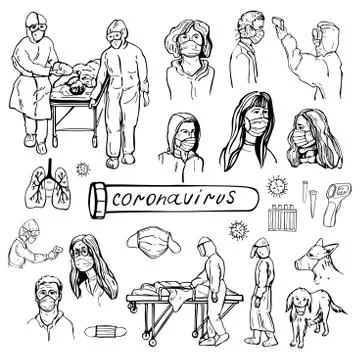 Coronavirus set.  Vector illustration Stock Illustration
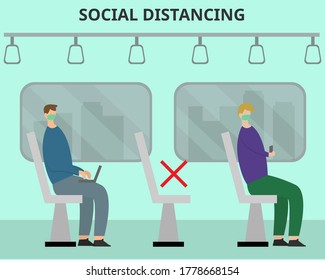 Illustration vector design of social distancing in public transportation. Avoiding the virus for new normal activities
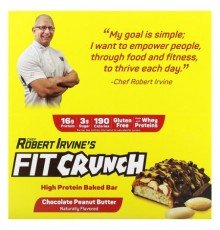 FITCRUNCH, High Protein Baked Bar, Chocolate Peanut Butter, 9 Bars, 1.62 oz (46 g) Each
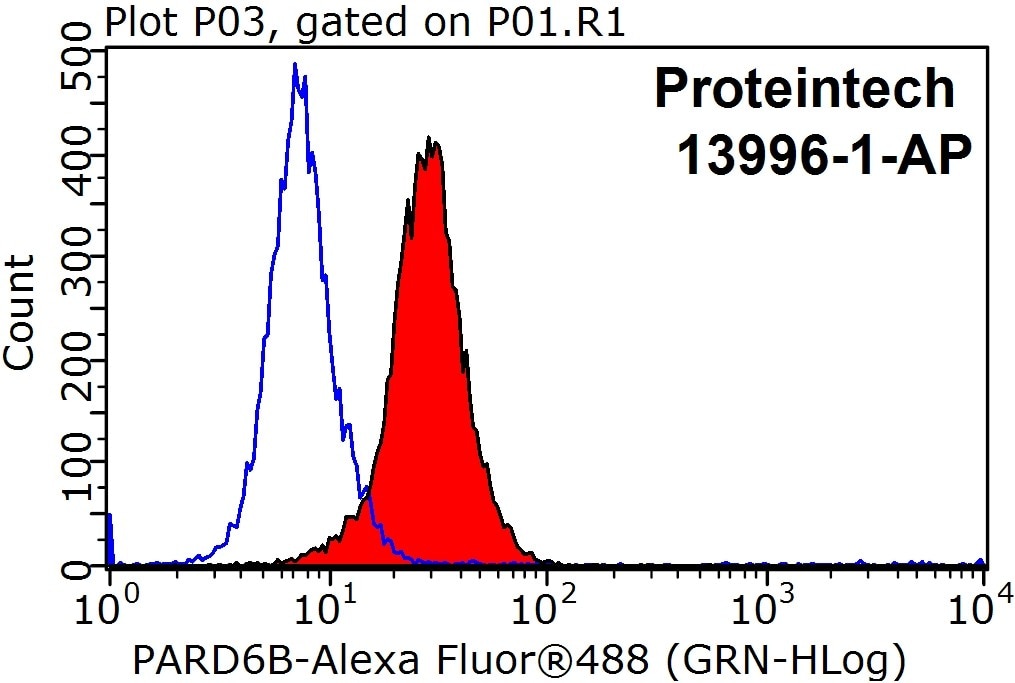 Flow cytometry (FC) experiment of HepG2 cells using PARD6B Polyclonal antibody (13996-1-AP)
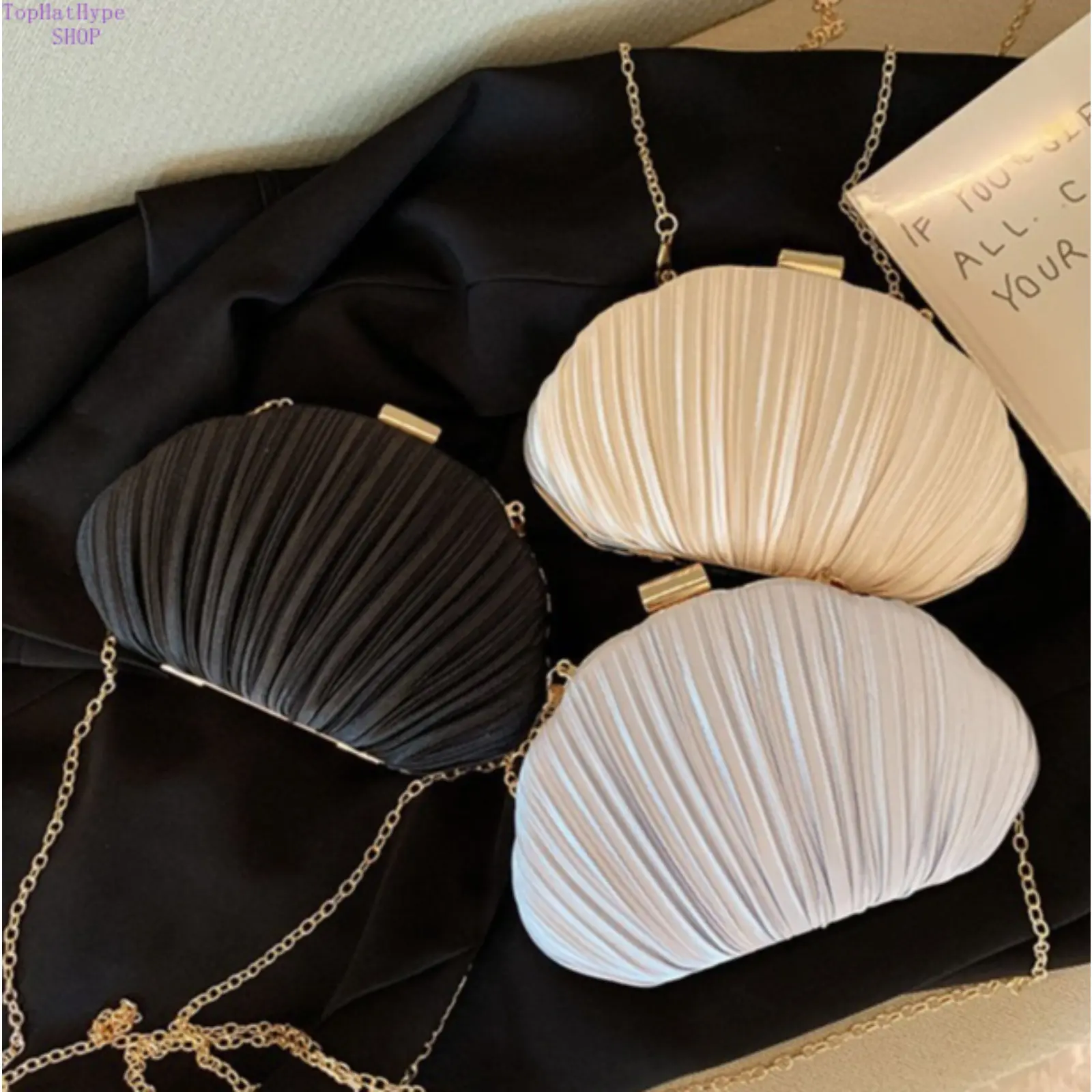 Viral Shell Pleated Evening Clutch Purse, 2026 New Formal Crossbody Bag, Versatile Shoulder Bag for Wedding & Party EventsMini Chain Crossbody Bag,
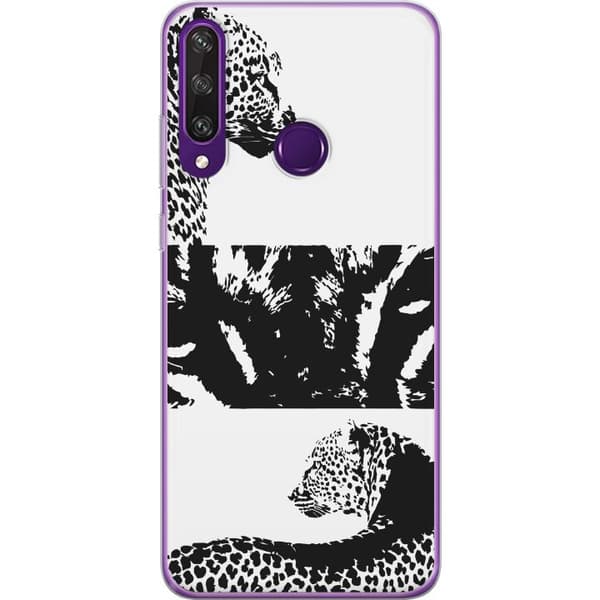 Huawei Y6p Genomskinligt Skal Leopard Faces – trendigt mönster med leopardansikten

——

=== Exercise ===
Pictures are to be left out. Everything else in the records must be written out exactly.

=== Completed exercise ===
 Coronavirus set.  Vector illustration Stock Illustration
 Illustration vector design of social distancing in public transportation. Avoiding the virus for new normal activities
 FITCRUNCH, High Protein Baked Bar, Chocolate Peanut Butter, 9 Bars, 1.62 oz (46 g) Each
 Flow cytometry (FC) experiment of HepG2 cells using PARD6B Polyclonal antibody (13996-1-AP)
 Viral Shell Pleated Evening Clutch Purse, 2026 New Formal Crossbody Bag, Versatile Shoulder Bag for Wedding & Party EventsMini Chain Crossbody Bag,
 Huawei Y6p Genomskinligt Skal Leopard Faces – trendigt mönster med leopardansikten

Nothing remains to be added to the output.